Jason Xing Feb. 4, 2025, 6:30 p.m. UTC
Introduce the callback to correlate tcp_sendmsg timestamp with other
points, like SND/SW/ACK. let bpf prog trace the beginning of
tcp_sendmsg_locked() and then store the sendmsg timestamp at
the bpf_sk_storage, so that in tcp_tx_timestamp() we can correlate
the timestamp with tskey which can be found in other sending points.

More details can be found in the selftest:
The selftest uses the bpf_sk_storage to store the sendmsg timestamp at
fentry/tcp_sendmsg_locked and retrieves it back at tcp_tx_timestamp
(i.e. BPF_SOCK_OPS_TS_SND_CB added in this patch).

Signed-off-by: Jason Xing <kerneljasonxing@gmail.com>
---
 include/uapi/linux/bpf.h       | 7 +++++++
 net/ipv4/tcp.c                 | 1 +
 tools/include/uapi/linux/bpf.h | 7 +++++++
 3 files changed, 15 insertions(+)

Comments

Jason Xing Feb. 5, 2025, 5:28 a.m. UTC | #1
On Wed, Feb 5, 2025 at 2:31 AM Jason Xing <kerneljasonxing@gmail.com> wrote:
>
> Introduce the callback to correlate tcp_sendmsg timestamp with other
> points, like SND/SW/ACK. let bpf prog trace the beginning of
> tcp_sendmsg_locked() and then store the sendmsg timestamp at
> the bpf_sk_storage, so that in tcp_tx_timestamp() we can correlate
> the timestamp with tskey which can be found in other sending points.
>
> More details can be found in the selftest:
> The selftest uses the bpf_sk_storage to store the sendmsg timestamp at
> fentry/tcp_sendmsg_locked and retrieves it back at tcp_tx_timestamp
> (i.e. BPF_SOCK_OPS_TS_SND_CB added in this patch).
>
> Signed-off-by: Jason Xing <kerneljasonxing@gmail.com>
> ---
>  include/uapi/linux/bpf.h       | 7 +++++++
>  net/ipv4/tcp.c                 | 1 +
>  tools/include/uapi/linux/bpf.h | 7 +++++++
>  3 files changed, 15 insertions(+)
>
> diff --git a/include/uapi/linux/bpf.h b/include/uapi/linux/bpf.h
> index 800122a8abe5..accb3b314fff 100644
> --- a/include/uapi/linux/bpf.h
> +++ b/include/uapi/linux/bpf.h
> @@ -7052,6 +7052,13 @@ enum {
>                                          * when SK_BPF_CB_TX_TIMESTAMPING
>                                          * feature is on.
>                                          */
> +       BPF_SOCK_OPS_TS_SND_CB,         /* Called when every sendmsg syscall
> +                                        * is triggered. For TCP, it stays
> +                                        * in the last send process to
> +                                        * correlate with tcp_sendmsg timestamp
> +                                        * with other timestamping callbacks,
> +                                        * like SND/SW/ACK.
> +                                        */
>  };

In case the use of the new flag is buried in many threads, I decide to
rephrase here to manifest how UDP would use it:
1. introduce a field ts_opt_id_bpf which works like ts_opt_id[1] to allow
the bpf program to fully take control of the management of tskey.
2. use fentry hook udp_sendmsg(), and introduce a callback function
like BPF_SOCK_OPS_TIMEOUT_INIT in kernel to initialize the
ts_opt_id_bpf with tskey that bpf prog generates. We can directly use
BPF_SOCK_OPS_TS_SND_CB.
3. modify the SCM_TS_OPT_ID logic to support bpf extension so that the
newly added field ts_opt_id_bpf can be passed to the
skb_shinfo(skb)->tskey in __ip_append_data().

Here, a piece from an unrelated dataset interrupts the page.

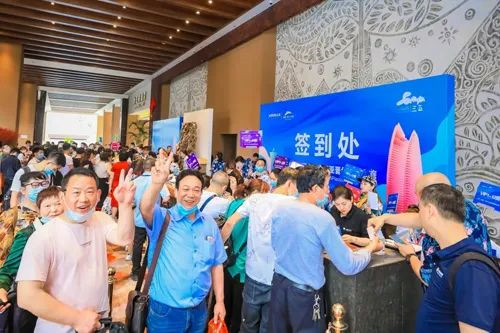 三生2021年“浪涌·三亚”晋级激情之旅举行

In this way, this approach can also be extended for other protocols.

[1]
commit 4aecca4c76808f3736056d18ff510df80424bc9f
Author: Vadim Fedorenko <vadim.fedorenko@linux.dev>
Date:   Tue Oct 1 05:57:14 2024 -0700

    net_tstamp: add SCM_TS_OPT_ID to provide OPT_ID in control message

    SOF_TIMESTAMPING_OPT_ID socket option flag gives a way to correlate TX
    timestamps and packets sent via socket. Unfortunately, there is no way
    to reliably predict socket timestamp ID value in case of error returned
    by sendmsg. For UDP sockets it's impossible because of lockless
    nature of UDP transmit, several threads may send packets in parallel. In
    case of RAW sockets MSG_MORE option makes things complicated. More
    details are in the conversation [1].
    This patch adds new control message type to give user-space
    software an opportunity to control the mapping between packets and
    values by providing ID with each sendmsg for UDP sockets.
    The documentation is also added in this patch.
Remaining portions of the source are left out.